Another interesting observation is that image and video models are mostly missing on this timeline. I don’t quite know what to make of these models, and that’s part of the reason I’m writing this post. Every time a new step change in capability comes along (like Nano Banana or, more recently, GPT Image 2.0), we see people say everything is going to change, and then mostly not a lot changes. As practitioners of AI and marketing, we are making good use of the current crop of models with a variety of customers for a variety of use cases, but it feels like the Copilot/ChatGPT/Claude Code moment just hasn’t arrived yet. Obviously, diffusion as an approach is amazing and probably deserves a place on the list, but the leaps feel much more gradual and make it hard to draw conclusions. With all that said, the release of GPT Image in March 2025 caused an explosion of usage in ChatGPT.
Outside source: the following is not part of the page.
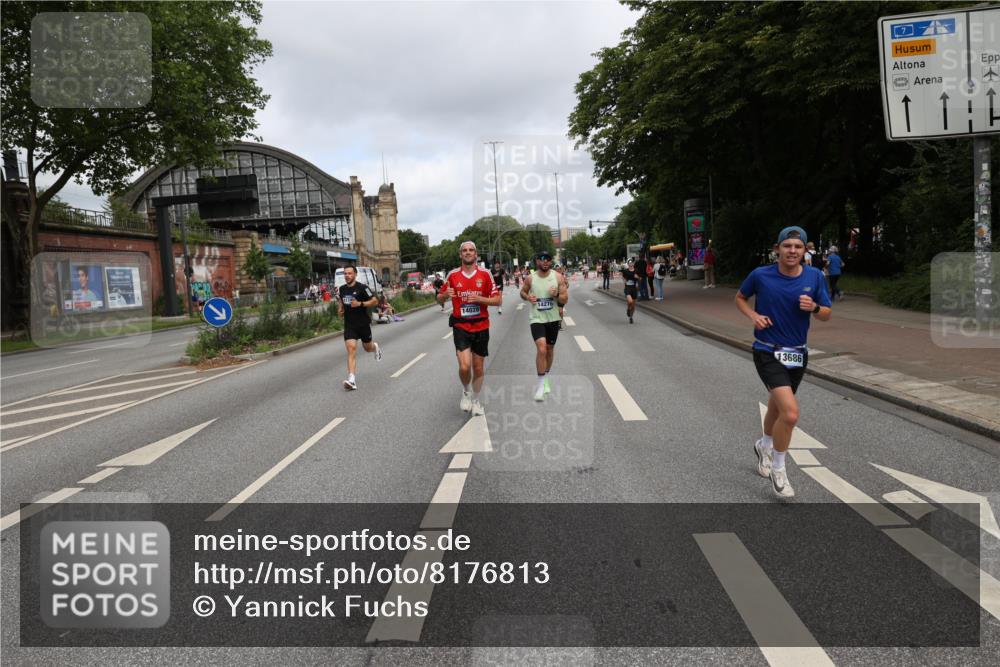 29.06.2025 - hella hamburg halbmarathon Yannick Fuchs http://msf.ph/oto/8176813 29.06.2025 10:27:45 20KM 1990, 4463, 4679, 4749, 8062, 10453, 11745, 11877, 12290, 12899, 12987, 13199, 13686, 13961, 14028, 14276, 14908, 15054, 16425, 16619, 17056, 17151, 18679, 19059 meine-sportfotos.de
To that point, maybe the most fundamental takeaway from the timeline is that the real leaps in usage come from a kind of weird alchemy between model, market, and harness. The model has to be good enough to do the job, the harness has to expose that capability in a form people can actually use, and the market has to be in the right place to see the full value. Each one of these episodes caused a step change in token demand. Anthropic’s own annualized run-rate numbers make the point: the company went from approximately $9 billion at the end of 2025 to more than $30 billion by early April 2026.
Sholto Douglas, an Anthropic researcher focused on scaling reinforcement learning, made a version of this point on a 2025 episode of the Dwarkesh Podcast: Cursor had been around for a while, but with Claude 3.5 Sonnet, “the model was finally good enough that the vision they had of how people would program, hit.”
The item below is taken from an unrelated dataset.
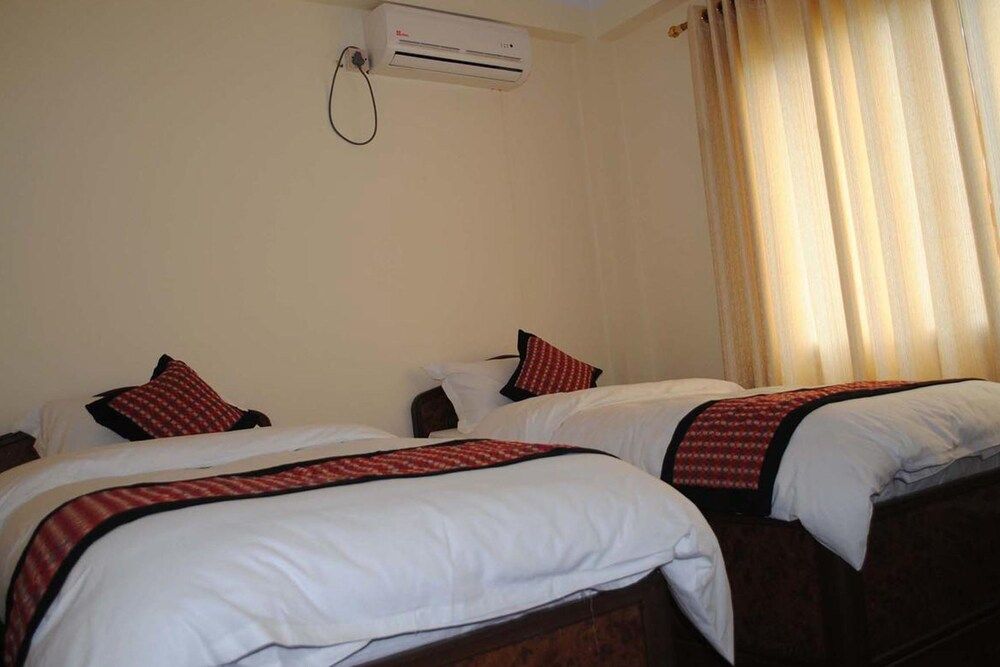 Avalon House Standard Double or Twin Room 2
That’s why the causation is so hard to pin down. Lots of people are sure that Claude Code exploded in December because of the release of Opus 4.7. As a relatively early adopter of CC, I’m a lot more skeptical. Many of us were getting tremendous value out of the harness in June and July. I think it’s much more likely that the real thing that happened in December is that a bunch of people just had more time to give the tool an honest go, and when they did, they were blown away.
Claude Code creator Boris Cherny calls this “product overhang.” The model’s capabilities often remain untapped until the right code comes along to unlock them. What I think this timeline adds is that there is a market overhang, too. The model can be good enough, and the harness can exist, but the market also has to be ready to notice, care, and change behavior. The highlighted moments are when model, harness, and market meet.
So what comes next? I don’t know. The three things I keep coming back to are reliable computer use, secure mobile agentic capability, and real document collaboration. I don’t know if any of them are the thing, but they all feel like potential unlocks for the next step change in token demand.